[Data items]
····················

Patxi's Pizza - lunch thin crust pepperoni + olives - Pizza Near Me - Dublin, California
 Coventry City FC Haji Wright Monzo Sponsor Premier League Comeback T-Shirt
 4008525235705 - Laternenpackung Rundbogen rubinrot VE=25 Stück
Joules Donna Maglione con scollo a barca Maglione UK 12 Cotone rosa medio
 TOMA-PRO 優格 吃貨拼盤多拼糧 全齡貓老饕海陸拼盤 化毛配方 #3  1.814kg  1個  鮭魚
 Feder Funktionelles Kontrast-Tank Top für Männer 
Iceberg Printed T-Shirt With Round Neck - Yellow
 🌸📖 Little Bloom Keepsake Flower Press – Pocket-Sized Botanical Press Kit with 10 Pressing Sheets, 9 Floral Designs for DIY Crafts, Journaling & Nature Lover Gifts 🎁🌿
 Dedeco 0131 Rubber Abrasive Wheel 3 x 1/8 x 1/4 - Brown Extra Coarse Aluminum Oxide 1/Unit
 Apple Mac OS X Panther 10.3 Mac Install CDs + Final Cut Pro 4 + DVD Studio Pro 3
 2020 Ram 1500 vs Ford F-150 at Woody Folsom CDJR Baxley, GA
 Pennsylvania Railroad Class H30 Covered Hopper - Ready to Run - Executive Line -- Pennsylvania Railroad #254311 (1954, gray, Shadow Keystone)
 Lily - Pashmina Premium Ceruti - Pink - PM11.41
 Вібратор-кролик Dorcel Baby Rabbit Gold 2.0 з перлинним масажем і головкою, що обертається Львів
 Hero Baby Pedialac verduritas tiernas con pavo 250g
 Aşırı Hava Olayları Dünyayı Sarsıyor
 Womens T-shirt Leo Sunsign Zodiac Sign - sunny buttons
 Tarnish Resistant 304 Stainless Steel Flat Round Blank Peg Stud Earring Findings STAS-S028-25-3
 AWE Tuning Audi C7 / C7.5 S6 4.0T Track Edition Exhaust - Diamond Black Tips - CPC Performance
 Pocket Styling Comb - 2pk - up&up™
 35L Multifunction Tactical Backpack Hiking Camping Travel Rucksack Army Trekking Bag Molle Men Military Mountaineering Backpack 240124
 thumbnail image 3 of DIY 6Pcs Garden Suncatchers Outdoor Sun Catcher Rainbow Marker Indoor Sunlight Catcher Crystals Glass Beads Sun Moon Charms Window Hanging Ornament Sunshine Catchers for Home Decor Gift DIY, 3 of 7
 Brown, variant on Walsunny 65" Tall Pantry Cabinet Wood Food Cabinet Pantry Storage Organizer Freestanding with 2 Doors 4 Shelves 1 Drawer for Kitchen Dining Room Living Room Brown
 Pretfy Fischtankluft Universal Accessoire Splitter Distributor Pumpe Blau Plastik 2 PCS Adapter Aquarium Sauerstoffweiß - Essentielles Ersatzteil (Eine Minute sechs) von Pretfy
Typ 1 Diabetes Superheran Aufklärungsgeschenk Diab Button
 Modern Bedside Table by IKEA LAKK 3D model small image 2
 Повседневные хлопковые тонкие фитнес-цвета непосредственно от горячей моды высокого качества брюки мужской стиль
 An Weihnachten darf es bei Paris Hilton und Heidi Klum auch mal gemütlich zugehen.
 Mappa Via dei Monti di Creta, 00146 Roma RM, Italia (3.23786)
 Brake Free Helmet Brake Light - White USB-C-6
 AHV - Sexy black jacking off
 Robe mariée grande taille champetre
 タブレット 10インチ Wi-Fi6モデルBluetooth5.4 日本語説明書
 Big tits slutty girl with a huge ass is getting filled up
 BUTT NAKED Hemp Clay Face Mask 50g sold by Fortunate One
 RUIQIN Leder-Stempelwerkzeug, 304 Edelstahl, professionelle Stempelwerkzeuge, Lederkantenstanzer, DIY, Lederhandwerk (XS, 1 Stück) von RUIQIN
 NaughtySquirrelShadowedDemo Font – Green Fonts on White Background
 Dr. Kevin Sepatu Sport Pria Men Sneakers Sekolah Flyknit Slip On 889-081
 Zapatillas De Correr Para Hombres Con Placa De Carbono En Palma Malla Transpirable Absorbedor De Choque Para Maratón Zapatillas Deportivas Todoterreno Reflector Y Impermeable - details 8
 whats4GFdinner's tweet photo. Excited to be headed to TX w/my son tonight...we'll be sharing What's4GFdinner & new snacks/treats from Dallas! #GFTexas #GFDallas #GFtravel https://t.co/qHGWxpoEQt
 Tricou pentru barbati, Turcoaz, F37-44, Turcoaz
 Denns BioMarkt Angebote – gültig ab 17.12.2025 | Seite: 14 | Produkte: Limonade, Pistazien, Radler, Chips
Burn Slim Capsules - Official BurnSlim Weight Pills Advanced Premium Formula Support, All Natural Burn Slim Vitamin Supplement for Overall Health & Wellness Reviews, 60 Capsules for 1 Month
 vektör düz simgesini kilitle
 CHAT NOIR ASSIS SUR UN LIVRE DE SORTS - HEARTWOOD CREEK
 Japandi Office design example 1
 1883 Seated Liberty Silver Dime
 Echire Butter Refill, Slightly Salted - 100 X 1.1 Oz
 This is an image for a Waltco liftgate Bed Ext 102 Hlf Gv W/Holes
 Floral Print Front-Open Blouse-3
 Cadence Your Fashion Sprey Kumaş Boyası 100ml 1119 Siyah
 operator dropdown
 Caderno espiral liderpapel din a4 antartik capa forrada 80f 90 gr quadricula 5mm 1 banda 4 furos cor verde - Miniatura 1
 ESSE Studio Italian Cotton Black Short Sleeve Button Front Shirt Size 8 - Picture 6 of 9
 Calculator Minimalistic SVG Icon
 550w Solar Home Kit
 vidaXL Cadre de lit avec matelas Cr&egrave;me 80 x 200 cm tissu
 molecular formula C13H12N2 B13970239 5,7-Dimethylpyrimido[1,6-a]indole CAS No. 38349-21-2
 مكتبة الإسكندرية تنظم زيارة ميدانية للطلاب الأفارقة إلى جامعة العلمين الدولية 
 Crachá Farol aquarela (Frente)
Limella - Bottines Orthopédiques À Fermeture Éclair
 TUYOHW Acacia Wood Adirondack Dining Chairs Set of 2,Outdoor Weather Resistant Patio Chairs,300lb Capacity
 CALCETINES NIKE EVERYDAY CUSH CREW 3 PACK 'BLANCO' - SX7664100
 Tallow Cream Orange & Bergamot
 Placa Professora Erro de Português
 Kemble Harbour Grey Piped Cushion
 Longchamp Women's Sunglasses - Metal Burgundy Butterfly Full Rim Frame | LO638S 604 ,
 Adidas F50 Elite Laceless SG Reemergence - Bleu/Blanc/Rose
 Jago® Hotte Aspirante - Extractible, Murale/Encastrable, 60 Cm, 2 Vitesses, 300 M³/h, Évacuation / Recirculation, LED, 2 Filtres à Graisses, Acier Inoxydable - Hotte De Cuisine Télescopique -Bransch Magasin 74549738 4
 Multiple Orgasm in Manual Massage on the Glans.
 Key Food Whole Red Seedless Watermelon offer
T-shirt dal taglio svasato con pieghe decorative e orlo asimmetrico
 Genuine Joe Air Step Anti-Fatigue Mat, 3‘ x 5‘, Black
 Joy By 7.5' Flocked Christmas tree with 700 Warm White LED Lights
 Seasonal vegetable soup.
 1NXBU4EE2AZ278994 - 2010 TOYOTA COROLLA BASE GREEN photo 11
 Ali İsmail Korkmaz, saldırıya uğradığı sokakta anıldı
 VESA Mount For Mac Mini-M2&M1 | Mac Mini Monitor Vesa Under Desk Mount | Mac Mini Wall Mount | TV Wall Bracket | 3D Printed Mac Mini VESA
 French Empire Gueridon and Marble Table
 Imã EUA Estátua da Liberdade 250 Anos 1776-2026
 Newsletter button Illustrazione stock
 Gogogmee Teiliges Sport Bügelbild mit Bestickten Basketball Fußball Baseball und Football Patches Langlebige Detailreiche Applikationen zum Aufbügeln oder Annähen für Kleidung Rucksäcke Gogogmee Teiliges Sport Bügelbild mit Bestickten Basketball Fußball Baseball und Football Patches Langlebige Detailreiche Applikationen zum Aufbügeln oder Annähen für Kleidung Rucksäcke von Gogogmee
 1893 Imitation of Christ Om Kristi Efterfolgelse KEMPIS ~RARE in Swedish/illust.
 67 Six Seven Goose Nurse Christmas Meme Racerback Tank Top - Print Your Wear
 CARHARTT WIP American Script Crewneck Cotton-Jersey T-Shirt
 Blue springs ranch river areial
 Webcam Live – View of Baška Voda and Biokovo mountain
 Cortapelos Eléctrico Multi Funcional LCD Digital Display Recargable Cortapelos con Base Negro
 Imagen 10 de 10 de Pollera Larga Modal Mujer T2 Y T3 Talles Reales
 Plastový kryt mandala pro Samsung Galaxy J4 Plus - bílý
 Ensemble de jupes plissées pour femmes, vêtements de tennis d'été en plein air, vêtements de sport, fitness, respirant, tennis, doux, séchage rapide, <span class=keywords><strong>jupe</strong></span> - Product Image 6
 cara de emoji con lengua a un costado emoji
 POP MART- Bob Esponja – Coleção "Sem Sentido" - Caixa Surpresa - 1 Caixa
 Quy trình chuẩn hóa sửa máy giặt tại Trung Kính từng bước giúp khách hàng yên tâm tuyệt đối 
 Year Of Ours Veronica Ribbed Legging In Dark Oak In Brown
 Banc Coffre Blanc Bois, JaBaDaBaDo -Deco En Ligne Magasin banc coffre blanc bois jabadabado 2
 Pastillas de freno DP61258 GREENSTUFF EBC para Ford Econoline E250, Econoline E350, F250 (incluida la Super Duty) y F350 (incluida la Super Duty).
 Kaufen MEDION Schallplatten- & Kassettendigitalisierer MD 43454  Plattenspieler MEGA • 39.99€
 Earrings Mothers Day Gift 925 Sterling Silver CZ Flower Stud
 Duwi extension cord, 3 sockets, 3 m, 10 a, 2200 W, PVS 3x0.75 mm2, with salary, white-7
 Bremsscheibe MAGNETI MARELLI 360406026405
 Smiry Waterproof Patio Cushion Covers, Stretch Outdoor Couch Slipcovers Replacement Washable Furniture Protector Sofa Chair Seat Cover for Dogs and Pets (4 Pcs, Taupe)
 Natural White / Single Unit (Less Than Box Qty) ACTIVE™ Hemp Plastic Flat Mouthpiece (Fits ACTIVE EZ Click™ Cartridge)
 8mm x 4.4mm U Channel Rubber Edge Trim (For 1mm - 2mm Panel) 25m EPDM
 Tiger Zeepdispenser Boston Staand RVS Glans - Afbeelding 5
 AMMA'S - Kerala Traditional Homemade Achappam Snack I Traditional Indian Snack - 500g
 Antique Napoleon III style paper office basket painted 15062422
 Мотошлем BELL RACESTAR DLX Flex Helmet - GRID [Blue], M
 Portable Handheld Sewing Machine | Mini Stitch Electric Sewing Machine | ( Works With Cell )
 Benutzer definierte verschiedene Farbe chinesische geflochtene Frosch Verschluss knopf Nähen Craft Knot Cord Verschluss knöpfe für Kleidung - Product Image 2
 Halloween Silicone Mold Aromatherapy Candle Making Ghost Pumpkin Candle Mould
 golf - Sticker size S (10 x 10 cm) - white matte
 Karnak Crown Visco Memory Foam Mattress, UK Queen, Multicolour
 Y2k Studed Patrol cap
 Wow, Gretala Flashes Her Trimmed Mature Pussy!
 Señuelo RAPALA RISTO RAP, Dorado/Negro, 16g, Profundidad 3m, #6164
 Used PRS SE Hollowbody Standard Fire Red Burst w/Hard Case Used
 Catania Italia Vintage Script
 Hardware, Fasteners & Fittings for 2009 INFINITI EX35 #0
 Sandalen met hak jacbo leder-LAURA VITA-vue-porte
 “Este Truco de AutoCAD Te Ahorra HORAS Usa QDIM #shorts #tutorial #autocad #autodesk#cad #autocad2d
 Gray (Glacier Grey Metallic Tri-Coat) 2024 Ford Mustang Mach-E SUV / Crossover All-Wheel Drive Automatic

····················

Look above for the line with "thumbnail image 3" and the line with "CHAT NOIR ASSIS". Retype those two lines and every line between them exactly, adding nothing.

 thumbnail image 3 of DIY 6Pcs Garden Suncatchers Outdoor Sun Catcher Rainbow Marker Indoor Sunlight Catcher Crystals Glass Beads Sun Moon Charms Window Hanging Ornament Sunshine Catchers for Home Decor Gift DIY, 3 of 7
 Brown, variant on Walsunny 65" Tall Pantry Cabinet Wood Food Cabinet Pantry Storage Organizer Freestanding with 2 Doors 4 Shelves 1 Drawer for Kitchen Dining Room Living Room Brown
 Pretfy Fischtankluft Universal Accessoire Splitter Distributor Pumpe Blau Plastik 2 PCS Adapter Aquarium Sauerstoffweiß - Essentielles Ersatzteil (Eine Minute sechs) von Pretfy
Typ 1 Diabetes Superheran Aufklärungsgeschenk Diab Button
 Modern Bedside Table by IKEA LAKK 3D model small image 2
 Повседневные хлопковые тонкие фитнес-цвета непосредственно от горячей моды высокого качества брюки мужской стиль
 An Weihnachten darf es bei Paris Hilton und Heidi Klum auch mal gemütlich zugehen.
 Mappa Via dei Monti di Creta, 00146 Roma RM, Italia (3.23786)
 Brake Free Helmet Brake Light - White USB-C-6
 AHV - Sexy black jacking off
 Robe mariée grande taille champetre
 タブレット 10インチ Wi-Fi6モデルBluetooth5.4 日本語説明書
 Big tits slutty girl with a huge ass is getting filled up
 BUTT NAKED Hemp Clay Face Mask 50g sold by Fortunate One
 RUIQIN Leder-Stempelwerkzeug, 304 Edelstahl, professionelle Stempelwerkzeuge, Lederkantenstanzer, DIY, Lederhandwerk (XS, 1 Stück) von RUIQIN
 NaughtySquirrelShadowedDemo Font – Green Fonts on White Background
 Dr. Kevin Sepatu Sport Pria Men Sneakers Sekolah Flyknit Slip On 889-081
 Zapatillas De Correr Para Hombres Con Placa De Carbono En Palma Malla Transpirable Absorbedor De Choque Para Maratón Zapatillas Deportivas Todoterreno Reflector Y Impermeable - details 8
 whats4GFdinner's tweet photo. Excited to be headed to TX w/my son tonight...we'll be sharing What's4GFdinner & new snacks/treats from Dallas! #GFTexas #GFDallas #GFtravel https://t.co/qHGWxpoEQt
 Tricou pentru barbati, Turcoaz, F37-44, Turcoaz
 Denns BioMarkt Angebote – gültig ab 17.12.2025 | Seite: 14 | Produkte: Limonade, Pistazien, Radler, Chips
Burn Slim Capsules - Official BurnSlim Weight Pills Advanced Premium Formula Support, All Natural Burn Slim Vitamin Supplement for Overall Health & Wellness Reviews, 60 Capsules for 1 Month
 vektör düz simgesini kilitle
 CHAT NOIR ASSIS SUR UN LIVRE DE SORTS - HEARTWOOD CREEK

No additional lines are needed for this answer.